Tosas are certainly more dog-aggressive than the average OEM although I think there can be some overlap between the two breeds. I would venture to say that OEMs may on the average be more protective against humans and suspicious of strangers than the Tosa, although there is a lot of variability among the Tosas this score. In general, the purer the fighting lines, the less the interest in humans. Many of the really large Tosas come from lines that have been heavily spiked with recent crosses of OEM, and I suspect there is very little difference between a lot of the big Kochi-type Tosas and the OEM, even in looks.

I have heard that some OEMs respond all too well to aggression training and sleeve work, in which case the results are altogether too awesome!

At any rate, nice looking dam, nice looking litter. Glad to hear they are all placed. Tosas are hard as hell to place unless the breeder has super sales ability. Not a lot of demand for a giant Japanese Fighting Dog!


----------



## crazyquik (Jun 8, 2005)

I always had German Shepards. Not very trad. 

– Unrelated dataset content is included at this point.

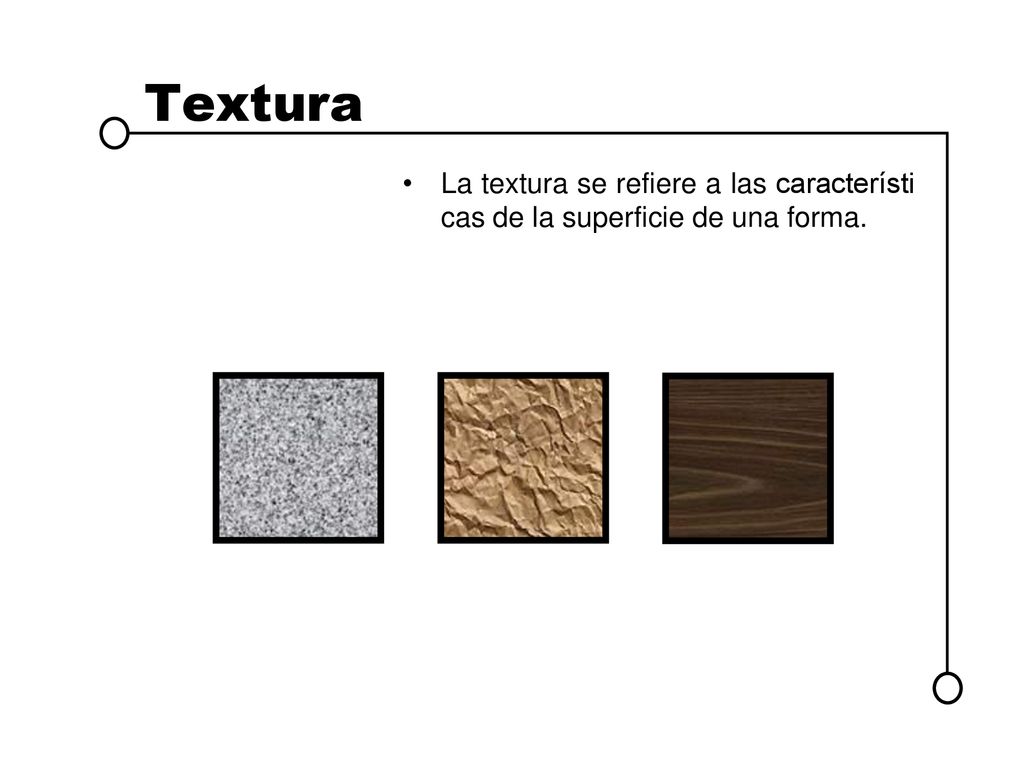 Textura La textura se refiere a las características de la superficie de una forma.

I would agree that hunting dogs are the most trad, especially for the duck hunting set. Labs, Chespeake Bay Retrievers, etc. 

For appearence I prefer the chocolate lab.

Brittanys are the de rigeur 'bird dog' in this part of the South.

---------------------


Beware of showroom sales-fever reasoning: i.e., "for $20 . . ." Once you're home, how little you paid is forgotten; how good you look in it is all that matters.


----------



## Coolidge24 (Mar 21, 2005)

My parents have a springer spaniel. Its name is Libby. My father is considering using it for hunting.

My grandfather had a ton of hunting dogs.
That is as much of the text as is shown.